+++ Source data

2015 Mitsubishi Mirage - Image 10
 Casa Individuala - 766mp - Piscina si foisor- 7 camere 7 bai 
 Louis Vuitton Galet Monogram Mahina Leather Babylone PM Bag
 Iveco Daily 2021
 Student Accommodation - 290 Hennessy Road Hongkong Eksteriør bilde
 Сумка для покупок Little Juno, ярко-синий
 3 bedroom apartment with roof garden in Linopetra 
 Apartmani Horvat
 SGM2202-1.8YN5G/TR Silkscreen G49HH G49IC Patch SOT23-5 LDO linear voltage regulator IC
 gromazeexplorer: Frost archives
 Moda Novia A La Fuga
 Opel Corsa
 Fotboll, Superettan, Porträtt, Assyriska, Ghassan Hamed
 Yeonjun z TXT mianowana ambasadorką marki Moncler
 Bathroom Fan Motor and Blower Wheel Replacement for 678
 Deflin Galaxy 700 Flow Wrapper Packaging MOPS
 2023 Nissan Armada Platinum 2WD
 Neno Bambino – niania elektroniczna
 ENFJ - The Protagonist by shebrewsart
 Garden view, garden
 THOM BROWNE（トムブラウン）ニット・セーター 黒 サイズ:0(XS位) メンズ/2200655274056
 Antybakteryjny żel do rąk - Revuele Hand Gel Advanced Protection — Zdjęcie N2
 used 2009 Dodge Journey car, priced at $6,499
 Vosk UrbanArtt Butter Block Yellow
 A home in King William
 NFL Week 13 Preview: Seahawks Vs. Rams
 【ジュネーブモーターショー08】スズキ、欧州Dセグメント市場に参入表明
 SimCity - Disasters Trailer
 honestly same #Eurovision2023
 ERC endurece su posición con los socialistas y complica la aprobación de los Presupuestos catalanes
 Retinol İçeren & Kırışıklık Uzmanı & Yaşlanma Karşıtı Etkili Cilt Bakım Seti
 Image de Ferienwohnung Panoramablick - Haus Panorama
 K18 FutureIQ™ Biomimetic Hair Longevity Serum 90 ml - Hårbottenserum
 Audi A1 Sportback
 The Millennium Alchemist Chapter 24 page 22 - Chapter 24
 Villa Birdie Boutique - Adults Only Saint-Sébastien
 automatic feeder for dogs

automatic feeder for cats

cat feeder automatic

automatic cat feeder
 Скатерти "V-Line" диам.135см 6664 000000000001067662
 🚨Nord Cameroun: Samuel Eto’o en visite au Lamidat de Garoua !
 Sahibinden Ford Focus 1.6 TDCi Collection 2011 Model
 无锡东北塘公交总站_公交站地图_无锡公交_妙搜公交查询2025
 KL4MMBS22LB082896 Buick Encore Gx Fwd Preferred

++++++

How to complete this task:
Output the records once more, exactly as they stand.

Exercise response:
2015 Mitsubishi Mirage - Image 10
 Casa Individuala - 766mp - Piscina si foisor- 7 camere 7 bai 
 Louis Vuitton Galet Monogram Mahina Leather Babylone PM Bag
 Iveco Daily 2021
 Student Accommodation - 290 Hennessy Road Hongkong Eksteriør bilde
 Сумка для покупок Little Juno, ярко-синий
 3 bedroom apartment with roof garden in Linopetra 
 Apartmani Horvat
 SGM2202-1.8YN5G/TR Silkscreen G49HH G49IC Patch SOT23-5 LDO linear voltage regulator IC
 gromazeexplorer: Frost archives
 Moda Novia A La Fuga
 Opel Corsa
 Fotboll, Superettan, Porträtt, Assyriska, Ghassan Hamed
 Yeonjun z TXT mianowana ambasadorką marki Moncler
 Bathroom Fan Motor and Blower Wheel Replacement for 678
 Deflin Galaxy 700 Flow Wrapper Packaging MOPS
 2023 Nissan Armada Platinum 2WD
 Neno Bambino – niania elektroniczna
 ENFJ - The Protagonist by shebrewsart
 Garden view, garden
 THOM BROWNE（トムブラウン）ニット・セーター 黒 サイズ:0(XS位) メンズ/2200655274056
 Antybakteryjny żel do rąk - Revuele Hand Gel Advanced Protection — Zdjęcie N2
 used 2009 Dodge Journey car, priced at $6,499
 Vosk UrbanArtt Butter Block Yellow
 A home in King William
 NFL Week 13 Preview: Seahawks Vs. Rams
 【ジュネーブモーターショー08】スズキ、欧州Dセグメント市場に参入表明
 SimCity - Disasters Trailer
 honestly same #Eurovision2023
 ERC endurece su posición con los socialistas y complica la aprobación de los Presupuestos catalanes
 Retinol İçeren & Kırışıklık Uzmanı & Yaşlanma Karşıtı Etkili Cilt Bakım Seti
 Image de Ferienwohnung Panoramablick - Haus Panorama
 K18 FutureIQ™ Biomimetic Hair Longevity Serum 90 ml - Hårbottenserum
 Audi A1 Sportback
 The Millennium Alchemist Chapter 24 page 22 - Chapter 24
 Villa Birdie Boutique - Adults Only Saint-Sébastien
 automatic feeder for dogs

automatic feeder for cats

cat feeder automatic

automatic cat feeder
 Скатерти "V-Line" диам.135см 6664 000000000001067662
 🚨Nord Cameroun: Samuel Eto’o en visite au Lamidat de Garoua !
 Sahibinden Ford Focus 1.6 TDCi Collection 2011 Model
 无锡东北塘公交总站_公交站地图_无锡公交_妙搜公交查询2025
 KL4MMBS22LB082896 Buick Encore Gx Fwd Preferred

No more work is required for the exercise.